Avec le changement de donne, beaucoup redoutent que ce chiffre n’explose. Des voix s’élèvent, surtout, pour dénoncer la vente de tout un territoire au secteur privé international, y compris ses forêts, sa biodiversité et surtout ses populations indigènes. “Tout cela se déroule au moment même où le gouvernement réduit drastiquement les taxes (aux entreprises – NDLR)”, note ainsi le journaliste Miguel do Rosário, sur son blog O cafezinho (Le petit café). Figurant au nombre de mesures établies dans le cadre d’un « paquet pour la revitalisation de l’exploitation minière », l’abolition des protections qui encadraient la Renca planait dans l’air depuis janvier. Ouvertement posée sur le tapis en avril, elle essuie, depuis, un vent d’oppositions.
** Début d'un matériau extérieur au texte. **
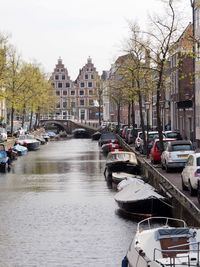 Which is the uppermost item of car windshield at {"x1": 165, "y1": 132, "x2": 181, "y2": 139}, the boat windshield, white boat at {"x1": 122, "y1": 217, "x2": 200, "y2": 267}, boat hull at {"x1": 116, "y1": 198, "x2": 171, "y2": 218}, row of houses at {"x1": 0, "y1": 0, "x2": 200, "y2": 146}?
row of houses at {"x1": 0, "y1": 0, "x2": 200, "y2": 146}

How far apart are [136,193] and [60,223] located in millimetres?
3756

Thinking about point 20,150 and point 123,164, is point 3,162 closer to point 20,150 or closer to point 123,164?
point 123,164

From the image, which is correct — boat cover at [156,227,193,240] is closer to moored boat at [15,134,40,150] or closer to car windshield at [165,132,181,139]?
car windshield at [165,132,181,139]

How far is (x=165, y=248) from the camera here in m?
16.5

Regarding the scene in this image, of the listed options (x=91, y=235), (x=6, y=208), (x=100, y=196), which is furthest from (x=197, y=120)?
(x=91, y=235)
En juillet, un rapport publié par le WWF Brésil alertait quant au fait que la Renca mord sur neuf aires protégées d’envergure, dont celles du Parc national des montagnes de Tumucumaque. Des espaces dont la protection est quant à elle censée être exclusive, prohibant toute activité industrielle.
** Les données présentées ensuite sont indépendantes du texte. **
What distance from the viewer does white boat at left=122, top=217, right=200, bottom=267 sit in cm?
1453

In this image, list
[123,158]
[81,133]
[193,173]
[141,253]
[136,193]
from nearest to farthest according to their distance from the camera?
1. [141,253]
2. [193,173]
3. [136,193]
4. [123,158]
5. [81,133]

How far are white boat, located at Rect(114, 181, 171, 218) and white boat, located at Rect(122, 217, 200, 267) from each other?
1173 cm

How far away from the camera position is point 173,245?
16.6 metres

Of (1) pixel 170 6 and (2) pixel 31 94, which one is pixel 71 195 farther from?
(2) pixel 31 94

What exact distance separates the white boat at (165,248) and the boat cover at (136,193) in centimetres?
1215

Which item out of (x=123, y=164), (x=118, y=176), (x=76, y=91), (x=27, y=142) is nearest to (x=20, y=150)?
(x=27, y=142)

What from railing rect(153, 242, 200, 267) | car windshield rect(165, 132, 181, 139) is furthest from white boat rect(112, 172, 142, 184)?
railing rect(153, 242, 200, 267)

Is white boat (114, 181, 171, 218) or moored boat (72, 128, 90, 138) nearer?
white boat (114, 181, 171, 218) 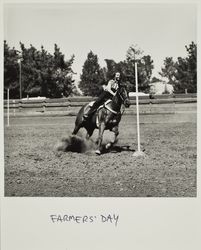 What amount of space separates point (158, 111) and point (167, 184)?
0.59m

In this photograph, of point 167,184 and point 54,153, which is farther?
point 54,153

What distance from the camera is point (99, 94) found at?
3312mm

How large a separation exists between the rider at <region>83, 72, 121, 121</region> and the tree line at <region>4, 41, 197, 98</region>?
3cm

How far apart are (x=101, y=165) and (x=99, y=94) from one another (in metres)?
0.43

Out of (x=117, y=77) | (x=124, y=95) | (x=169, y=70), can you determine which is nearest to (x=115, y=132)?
(x=124, y=95)

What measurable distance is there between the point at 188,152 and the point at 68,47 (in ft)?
3.01

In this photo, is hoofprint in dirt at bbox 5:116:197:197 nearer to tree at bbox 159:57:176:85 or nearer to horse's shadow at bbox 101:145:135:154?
horse's shadow at bbox 101:145:135:154

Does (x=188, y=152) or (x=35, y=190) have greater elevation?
(x=188, y=152)

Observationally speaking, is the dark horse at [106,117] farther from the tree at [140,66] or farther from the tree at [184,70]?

Plus de 50 500 km2 de forêt amazonienne seraient ainsi privés de toute protectionv
Le développement de l’activité minière risque d’y avoir des impacts indésirables, tels qu’une explosion démographique, de la déforestation, un accroissement des conflits fonciers et des menaces à l’encontre des populations indigènes”, argumentait alors Mauricio Voivodic, directeur exécutif de l’ONG, laquelle estime que les zones de la Renca dotées du meilleur potentiel minier se trouvent justement dans les aires protégées. “Si le gouvernement persiste sans discuter de la sauvegarde socio-environnementale, il pourra être mis en cause internationalement”, insistait quant à lui Jaime Gesisky, spécialiste des politiques publiques. La Norvège n’a pas attendu ce conseil. En juin, lors d’une visite du président Temer à Oslo, le principal bailleur de fonds pour la protection de la forêt amazonienne prévenait que ses paiements au Brésil seraient divisés par deux en 2017 du fait de l’accélération de la déforestation. Il n’en va pas uniquement de la Renca. Une autre loi, toujours en discussion, envisage de réduire de 350 000 hectares la réserve de la forêt nationale du Jamanxim, au Pará. Au total, plus de 50 500 km2 de forêt amazonienne seraient ainsi privés de toute protection, soit l’équivalent du Costa Rica.